19 August 2010

Day 145: The Bloodlight Chronicles

The Bloodlight Chronicles: Reconciliation by Steve Stanton.  ISBN: 9781550229547 (publishes Sept 1, 2010).

Bloodlight Chronicles contains an awful lot of sci-fi with not a lot of focus on any one aspect.  But Stanton posed an excellent question in the form of Niko, an illegal clone.  The basis of the question was whether or not clones would be allowed into heaven (I have to paraphrase for legal reasons and all).

I like this question.  Technically a clone is not a god-made being.  There is no way for clones to exist except as the very rare identical/paternal twins.  But this is more of an instantaneous cloning and has the ability to produce minor variations in genetic material during the process, and the fact that it happens so rarely in nature almost feels like god reaching down to say, "Hah!
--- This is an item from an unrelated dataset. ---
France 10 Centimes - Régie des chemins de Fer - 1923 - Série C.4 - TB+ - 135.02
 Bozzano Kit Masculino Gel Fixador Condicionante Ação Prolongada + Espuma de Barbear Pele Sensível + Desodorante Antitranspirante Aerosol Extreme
Look what I can do."  That god guy, he's kind of a show-off.  I like to imagine him as a combination of Stephen Colbert and Bill Murray in a metaphysical body resembling Billy Gibbons.  That's a hell of a lot of ego in one being, omnipotent or no.

In any case, one could argue that god made us in his image, and if god can create intelligent life with a soul, theoretically so can we.  This argument doesn't hold up in my opinion.  The whole thing that makes god god is the ability to do things we can't...or at least that we shouldn't.  I can't say that I'm totally opposed to the idea of cloning humans.  If, for instance, a major disease decimated our population, cloning might be a good way to provide additional genetic material.  If we somehow lose the ability to reproduce normally as a species, cloning may be the only way to continue the species.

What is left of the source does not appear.